They should be figuring out a way to use all the lint from bellybuttons to make clothes for the homeless. I am intrigued by this article JT. Nice one.

1 ( +2 / -1 )

LOL! Nice article. I wonder if Japan will start to have Belly Button Cleaning salons that mirror the ear cleaning salons JT posted awhile back. hahahaha...

1 ( +2 / -1 )

And for those who scoff at proper belly button maintenance, last year the Belly Button Biodiversity Project found over 600 new species of bacteria living in people’s belly-button. Who knows? One of those species of bacteria may eradicate humankind as we know it.

Who knows perhaps one of those bacteria would have saved your life one day, if you hadn't killed it.

4 ( +4 / -0 )

Now if those belly button lint collectors would just take a proper bath everyday perhaps they wouldn't be bothered by a cotton patch in their navel. I soak in a tub full of hot water at my local public bathhouse every night ... and haven't been bothered by belly button garbage in ages ...

0 ( +0 / -0 )

Nice idea for some intimacy, lol

0 ( +0 / -0 )

Haha, I wonder who actually uses KY to clean their belly buttons.

0 ( +0 / -0 )

What is KY?

0 ( +0 / -0 )

Can't you just use a regular cotton swab like a Q-tip with some alcohol? That's what I do and my belly button is immaculate!

@electric2004 - KY is a personal lubricant. Medical professionals use it to lubricate areas on your body to perform procedures like ultrasounds. In the bedroom, people use it for... other purposes.

2 ( +2 / -0 )

Product maker Sosu may have hit the niche jackpot with this grossly underused idea.

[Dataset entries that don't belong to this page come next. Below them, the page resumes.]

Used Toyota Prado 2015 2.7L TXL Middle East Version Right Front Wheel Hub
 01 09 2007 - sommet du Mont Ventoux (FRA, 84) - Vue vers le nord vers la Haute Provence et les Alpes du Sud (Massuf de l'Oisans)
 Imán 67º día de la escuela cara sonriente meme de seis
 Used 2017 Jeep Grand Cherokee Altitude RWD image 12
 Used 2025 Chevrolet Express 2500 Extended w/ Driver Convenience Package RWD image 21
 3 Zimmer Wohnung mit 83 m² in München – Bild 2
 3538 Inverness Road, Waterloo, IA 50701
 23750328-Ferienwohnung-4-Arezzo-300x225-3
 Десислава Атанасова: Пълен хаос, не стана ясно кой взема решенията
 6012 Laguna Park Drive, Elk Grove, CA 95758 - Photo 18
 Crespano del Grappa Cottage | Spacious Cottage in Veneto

Personally, I think it's more of a underused gross idea.

0 ( +0 / -0 )

Up to now most of us have been left to improvisation, cleaning ourselves with whatever was lying around the house like broken glass, pipe cleaners, or the barrel of a handgun.

For me it's either a finger, or in extreme cases a Q-Tip with some anti-bacterial liquid soap on it. I can get 50 Q-tips at the store for $4. The hand soap is bought in bulk and probably works out to a half-cent per application. This is an expensive product for a non-existant market.

0 ( +0 / -0 )

That was a weird review.

0 ( +0 / -0 )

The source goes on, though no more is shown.